Segment Start: Data for processing
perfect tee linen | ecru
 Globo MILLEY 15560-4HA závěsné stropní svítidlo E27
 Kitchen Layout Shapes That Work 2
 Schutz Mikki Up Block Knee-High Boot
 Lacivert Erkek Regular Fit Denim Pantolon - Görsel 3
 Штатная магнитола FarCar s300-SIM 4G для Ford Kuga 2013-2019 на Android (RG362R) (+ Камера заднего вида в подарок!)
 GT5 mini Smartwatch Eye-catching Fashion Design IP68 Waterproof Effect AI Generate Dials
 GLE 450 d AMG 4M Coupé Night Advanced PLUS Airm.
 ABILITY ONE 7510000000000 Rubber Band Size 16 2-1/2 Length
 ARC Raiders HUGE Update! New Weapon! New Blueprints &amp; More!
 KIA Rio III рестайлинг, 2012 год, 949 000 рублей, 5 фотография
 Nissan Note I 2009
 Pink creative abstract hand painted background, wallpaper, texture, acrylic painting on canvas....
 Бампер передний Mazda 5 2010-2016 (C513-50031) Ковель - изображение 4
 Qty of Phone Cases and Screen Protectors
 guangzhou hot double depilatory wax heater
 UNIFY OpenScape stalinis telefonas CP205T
Segment End: Data for processing
§ Work instruction
Every line of the data is to be retyped without alteration.

§ Answer to the exercise
perfect tee linen | ecru
 Globo MILLEY 15560-4HA závěsné stropní svítidlo E27
 Kitchen Layout Shapes That Work 2
 Schutz Mikki Up Block Knee-High Boot
 Lacivert Erkek Regular Fit Denim Pantolon - Görsel 3
 Штатная магнитола FarCar s300-SIM 4G для Ford Kuga 2013-2019 на Android (RG362R) (+ Камера заднего вида в подарок!)
 GT5 mini Smartwatch Eye-catching Fashion Design IP68 Waterproof Effect AI Generate Dials
 GLE 450 d AMG 4M Coupé Night Advanced PLUS Airm.
 ABILITY ONE 7510000000000 Rubber Band Size 16 2-1/2 Length
 ARC Raiders HUGE Update! New Weapon! New Blueprints &amp; More!
 KIA Rio III рестайлинг, 2012 год, 949 000 рублей, 5 фотография
 Nissan Note I 2009
 Pink creative abstract hand painted background, wallpaper, texture, acrylic painting on canvas....
 Бампер передний Mazda 5 2010-2016 (C513-50031) Ковель - изображение 4
 Qty of Phone Cases and Screen Protectors
 guangzhou hot double depilatory wax heater
 UNIFY OpenScape stalinis telefonas CP205T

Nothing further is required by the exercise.